Wednesday, November 14, 2007

Five Years from Now

I had posted a link a few months ago to a Christianity Today article on the high rate of bloggers quitting--more bloggers have quit posting than are currently active. This Side of Glory has a recent post on the same topic, asking if she would be blogging five years from now (Incidentally, her title is like the strange Bizzaro title of my blog).

On this quiet blogging week it raises a good question. Will I be doing this in five years? If you asked an Incan, the answer would be no--we'd all be dead or changed into some higher form of life (see here). Is keeping this up reasonable? A good use of time?

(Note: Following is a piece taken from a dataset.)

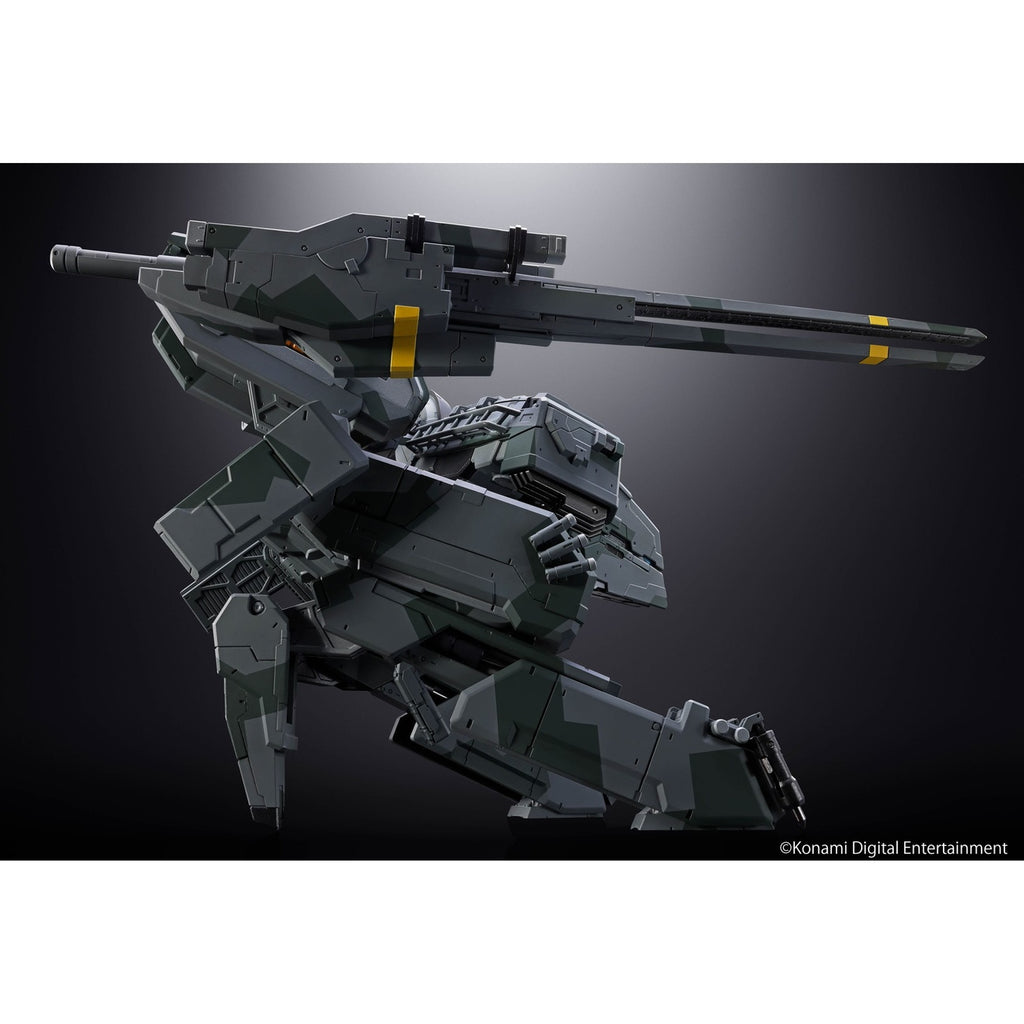 Immagine del prodotto Metal Gear Solid action figure Chogokin Metal Gear Rex 18 cm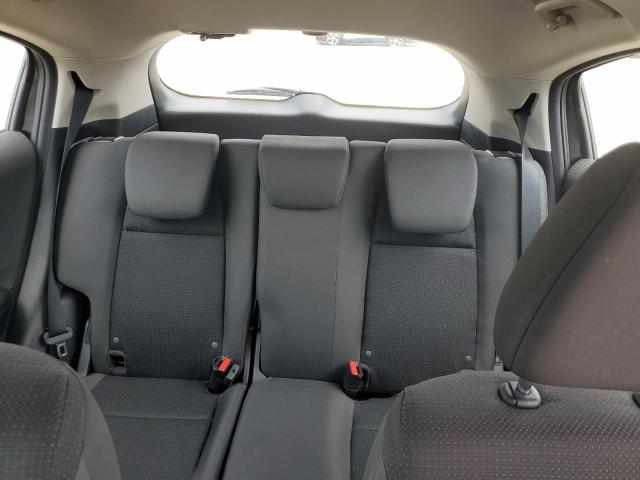 2021 HONDA HR-V LX - 3CZRU6H31MM703732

Or will blogging be like pet rocks in half a decade?

Some possibilities:

1. Nothing will change.

This is unlikely. I didn't even know what a blog was five years ago. Five years before that, the internet was wild and wooly and dial-up friendly. Five years before that, few had heard about "web browsers" and MOSAIC, the first "killer ap" of the 'net was still being developed...for UNIX. Things change, and fast.

2. Blogging will be a fad after all.

More likely. Fads come and go, and five years from now many folks will probably have home entertainment servers piping mp3s to their stereos, movies and tv shows off the net to their home theaters, and more and more emailing and such from PDAs and phones. Sitting at a box in the home office browsing the net my indeed be waning in popularity as the net becomes integrated more and more into other appliances.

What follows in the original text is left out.